In the early years of his career, Gauguin painted with Pissarro and Cézanne and participated in Impressionist exhibitions, but his later works were also highly influential to artists like Matisse, Picasso, and Derain, and the artistic movements to which they belonged. He differed from Van Gogh in one particular (and vital) aspect - whereas Van Gogh’s great muse was nature and his surroundings, Gauguin believed that the artist “should not copy nature too much… Art is an abstraction.”
May 22, 1844: Mary Cassatt is born.
Born in Pennsylvania, this ”grande dame” of Impressionism moved to Paris in her early twenties to hone her artistic talents. In the 1870s, she was invited by Edgar Degas to display her works at an Impressionist exhibition. In joining this group, she befriended Degas himself, as well as Berthe Morisot, another prominent female Impressionist. She ultimately participated in four Impressionist exhibitions, although her paintings differed from those of many of her colleagues in subject matter. Many of her paintings were portraits, especially of women and their children. By the mid-1880s, Cassatt had begun to drift away from strict Impressionism (which itself was overshadowed by the dawn of the 20th century by other more avant-garde movements like Cubism). While she was not well-known in her native country, France did not forget her artistic contributions - she was awarded the Legion d’honneur in 1904.
May 15, 1848: Viktor Vasnetsov is born.
Viktor Vasnetsov was a Russian artist, primarily known for his paintings of historical figures, religious subjects, and perhaps most of all, his depictions of the folklore and mythology of Russia. It was not until Vasnetsov moved to Paris from Saint Petersburg, however, that he developed a fascination with these subjects.

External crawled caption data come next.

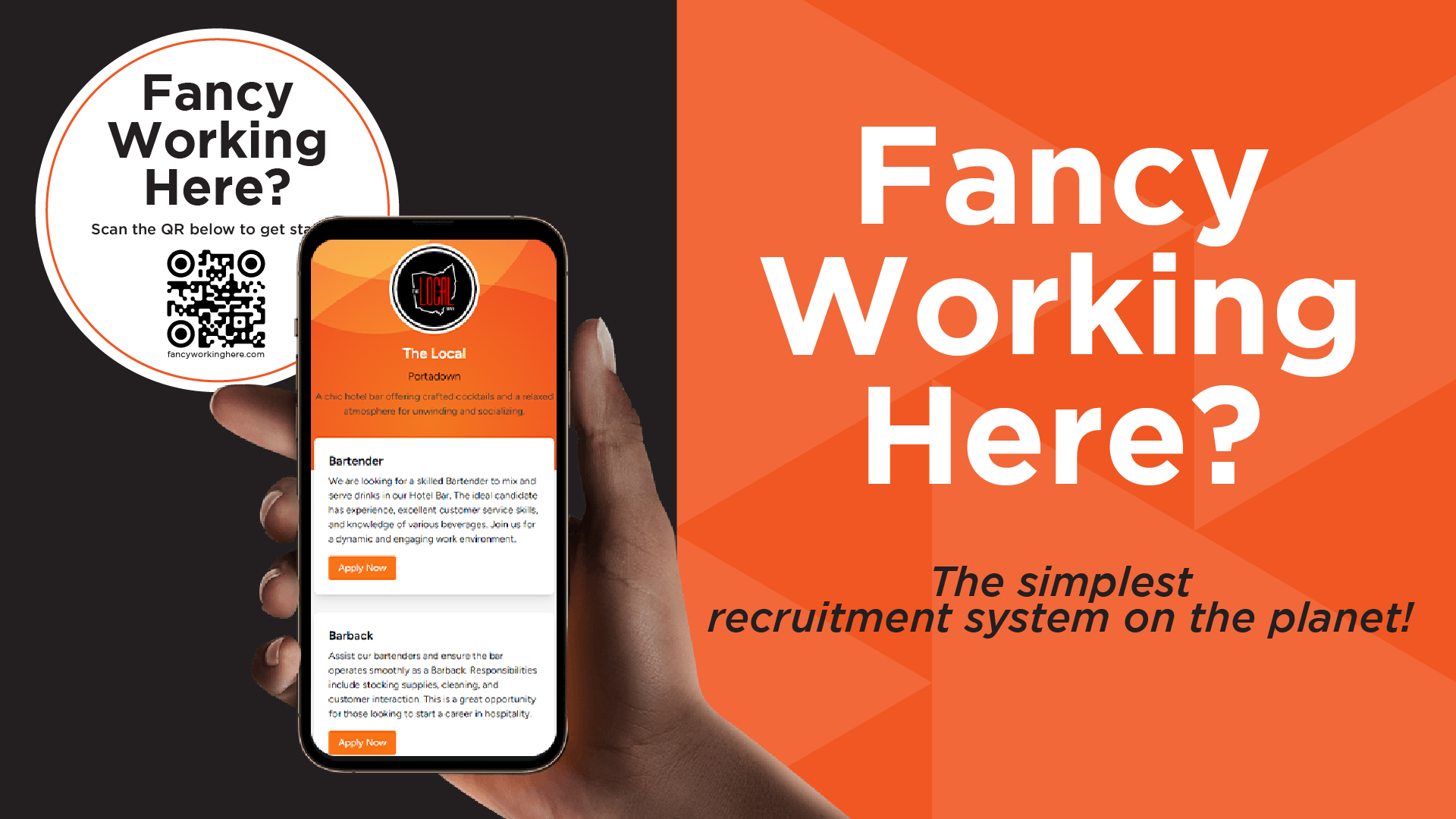 INTRODUCING YOUR IN HOUSE RECRUITMENT TOOL FANCY WORKING HERE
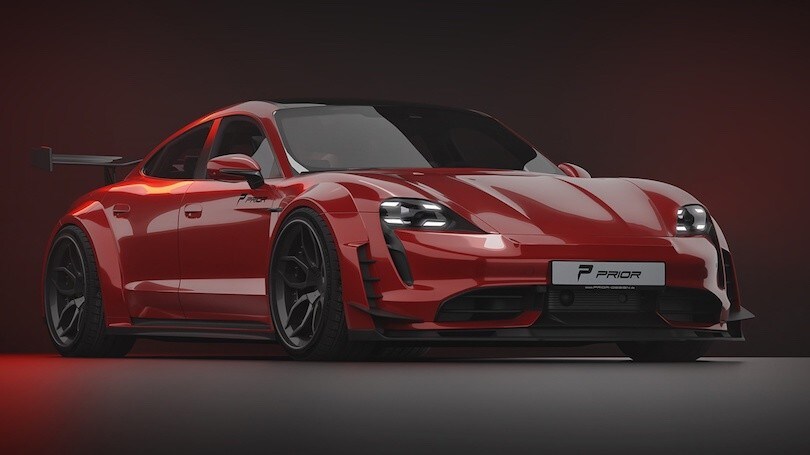 Prior Design riscrive la Porsche Taycan: ecco l'elettrica aggressiva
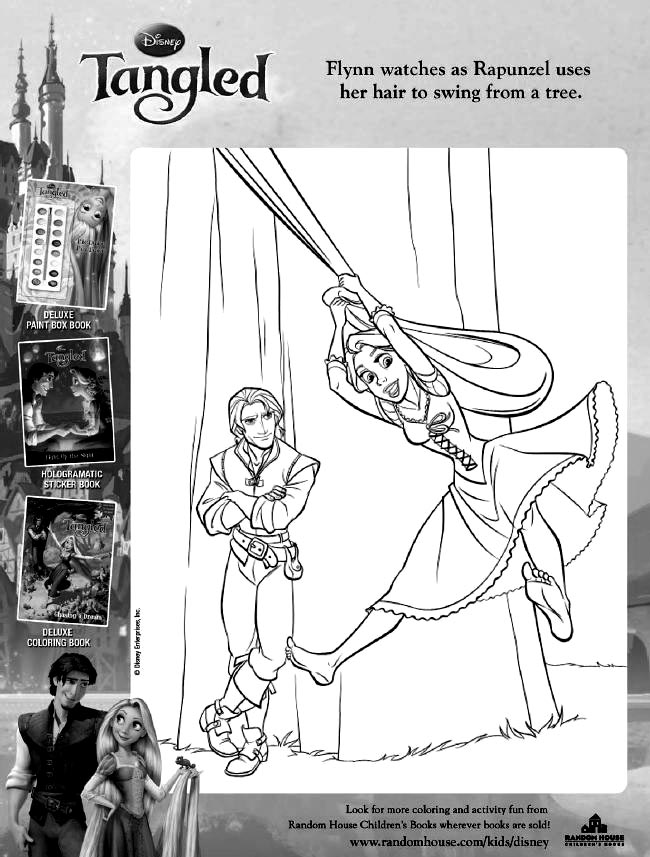 Cartoon Design Rapunzel And Eugene Fizherbert Disney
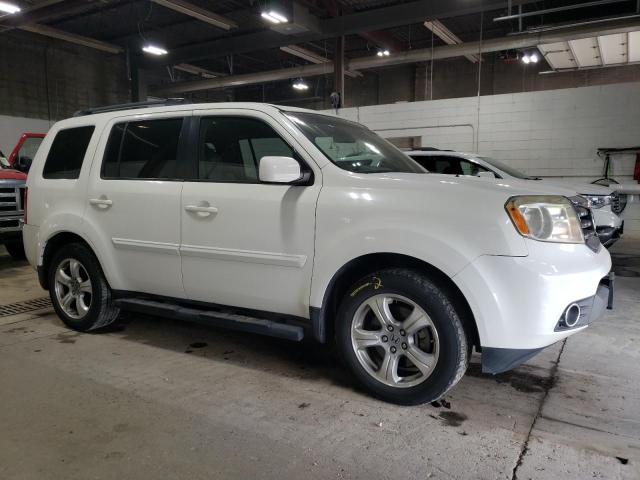 5FNYF3H46DB030394 - 2013 HONDA PILOT EX Սպիտակ լուսանկար 4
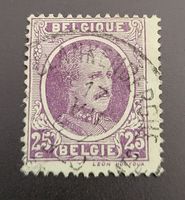 Belgien alte briefmarke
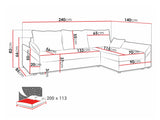 Hjørnesofa Memphis 104 3926944
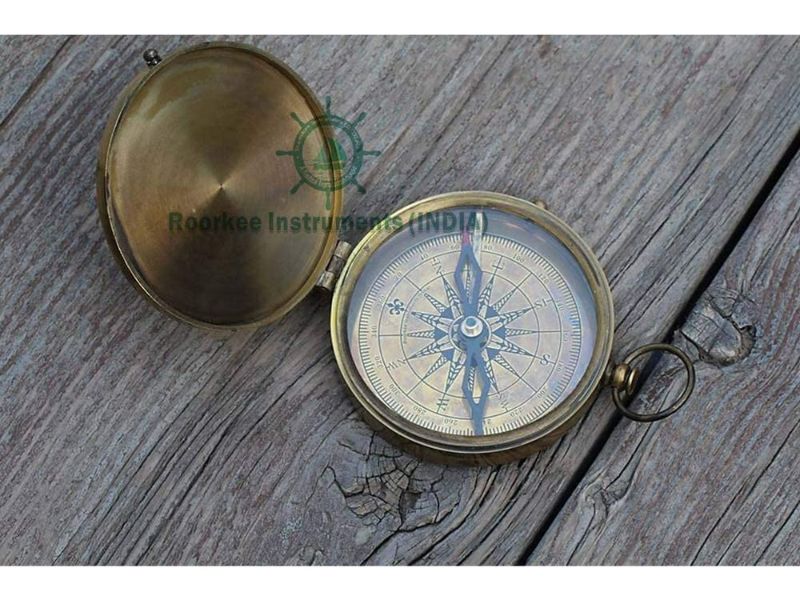 Thoreau Quote Engraved Brass Compass with Leather Case | “Go Confidently in the Direction of Your Dreams” | Graduation Gift for Son, Men, Boyfriend | Inspirational Nautical Gift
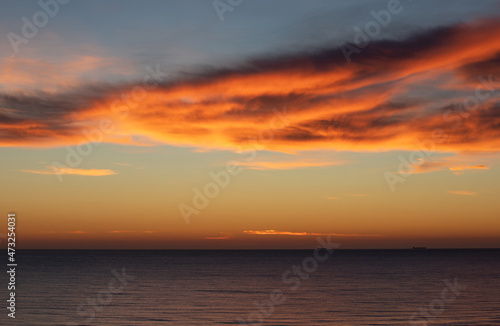 landscape before sunrise on the beach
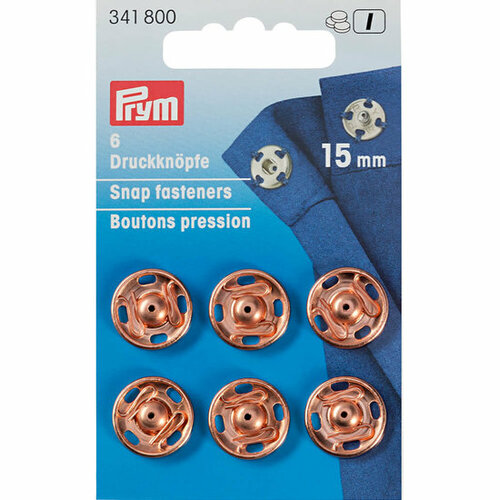 Prym Aannaaidrukknoop Rozegoud 15mm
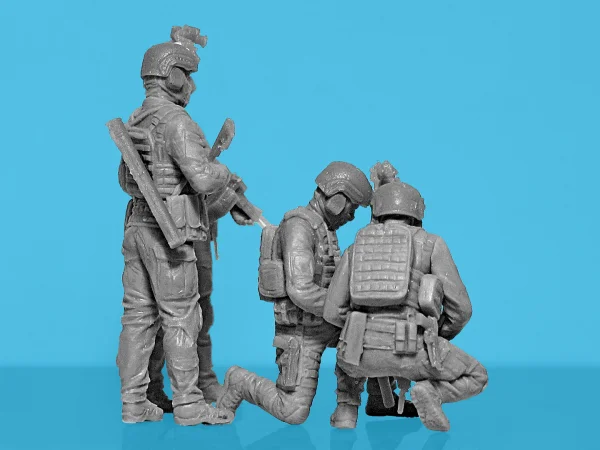 Quietly came - quietly went… - Special Operations Forces of Ukraine (4 figures)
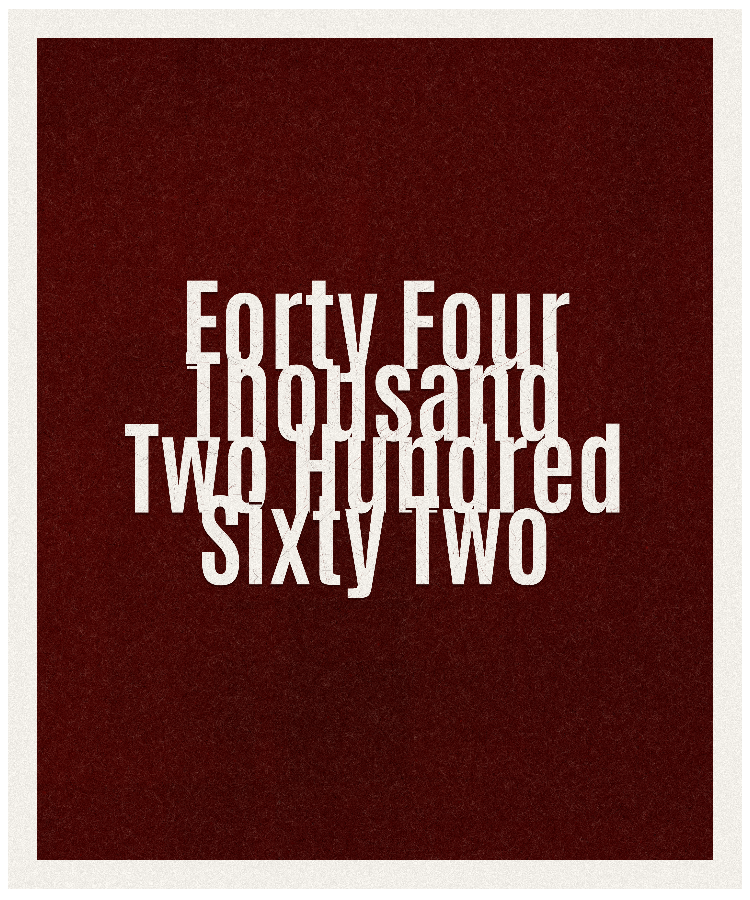 Count #44262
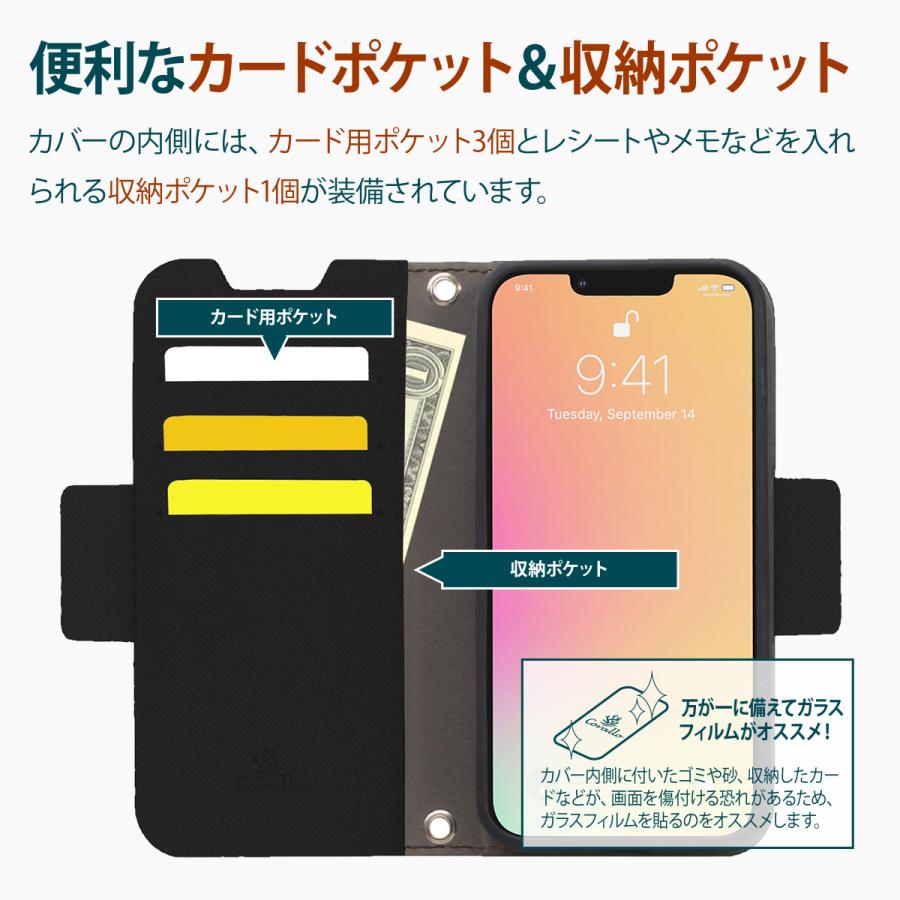 Corallo iPhone13 mini ケース 手帳型 ストラップ ストラップ Corallo iPhone13 mini ケース 手帳型 ストラップ ストラップ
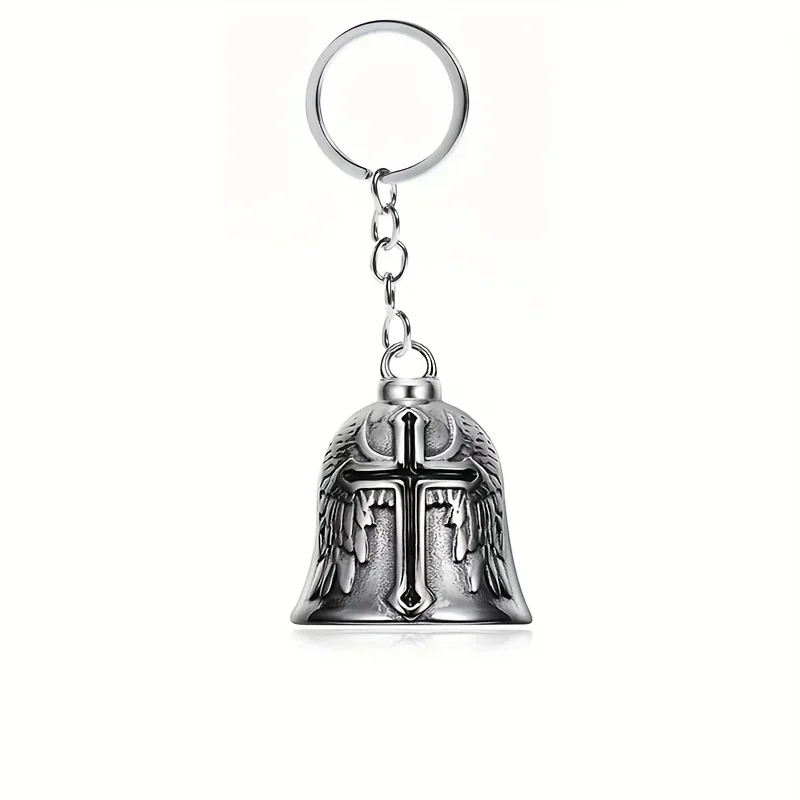 Lion King Pendant and Keychain with Uniquely Carved Bell - Retro Design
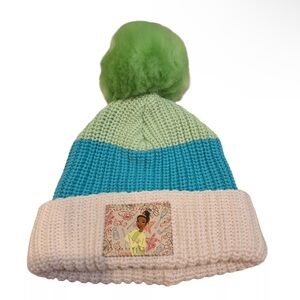 Disney Parks Love Your Melon PRINCESS TIANA Kids' Knit Beanie with Pom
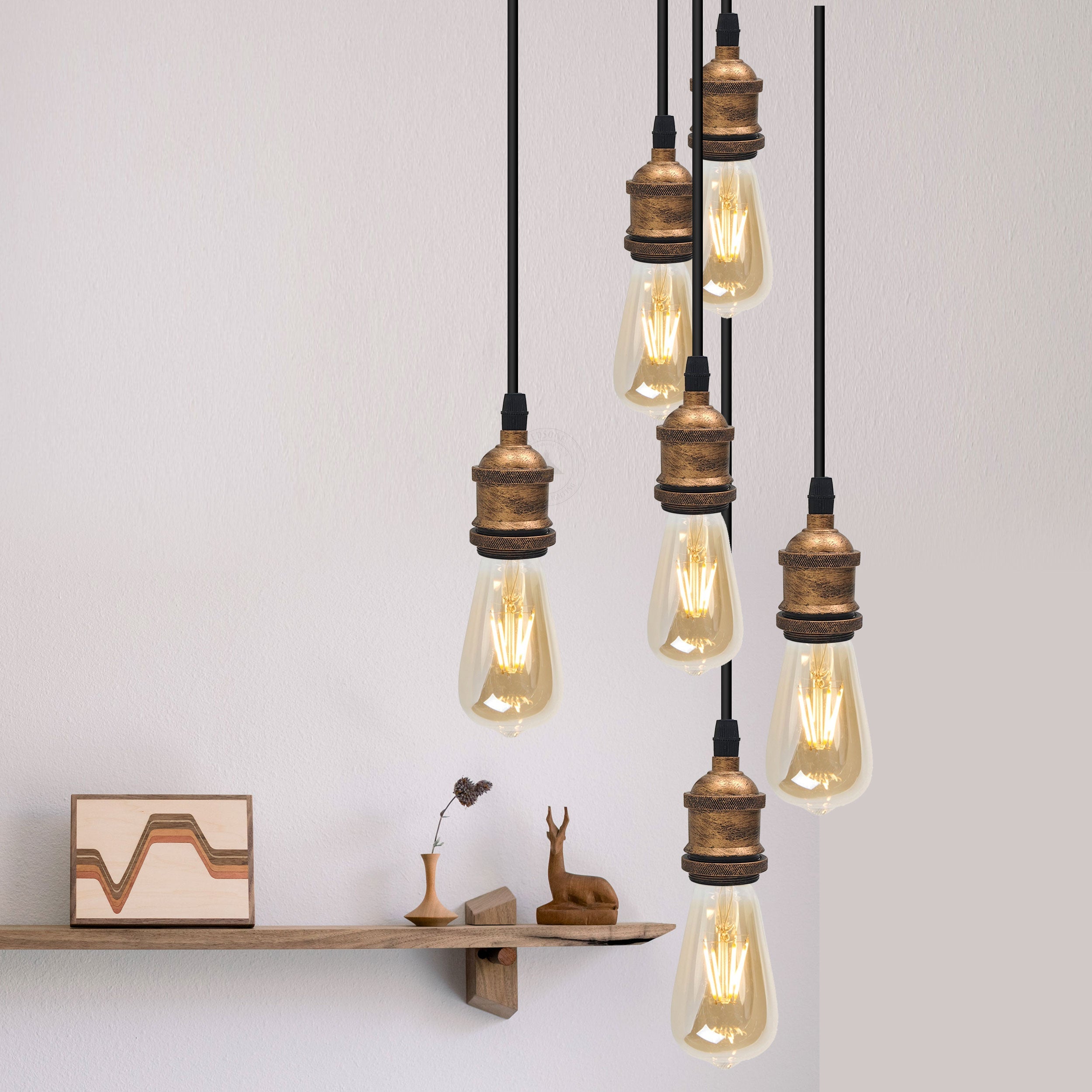 Vintage Edison LED Filament B22 Bayonet Bulb 8W Warm White Decorative Energy Saving 240V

He was also a member of the Peredvizhniki (Передви́жники), a group of realist artists who favored reform and realistic portrayals of the common Russian people - although Vasnetsov himself was criticized for “undermining” their principles. But even if he did not adhere entirely to the agenda of these “Wanderers”, Vasnetsov developed his own distinct style that bridged the gap between the rich culture of Russia’s past and the changing landscape of its present and future.
April 6, 1483: Raphael is born in Urbino.
The son of a court painter, Raffaello Sanzio was one of the “Big Three” of the High Renaissance, but between Michelangelo, Leonardo da Vinci, and Raphael, our man Rafa was probably the most productive. He eventually accumulated a strikingly high number of pupils and assistants in his workshop (around fifty), and he reportedly was a talented administrator, or at least, better at dealing with his underlings than Michelangelo.
Unfortunately, he died at age thirty-seven, after he had begun planning the construction of St. Peter’s Basilica. The honor of building Christendom’s “greatest church” went to Raphael’s rival of sorts, Michelangelo (although probably not the case, I like to think that Michelangelo relished this fact). In many respects, he was overshadowed by Michelangelo and Leonardo in later years, although he is still certainly acknowledged as one of the greatest of the Old Masters.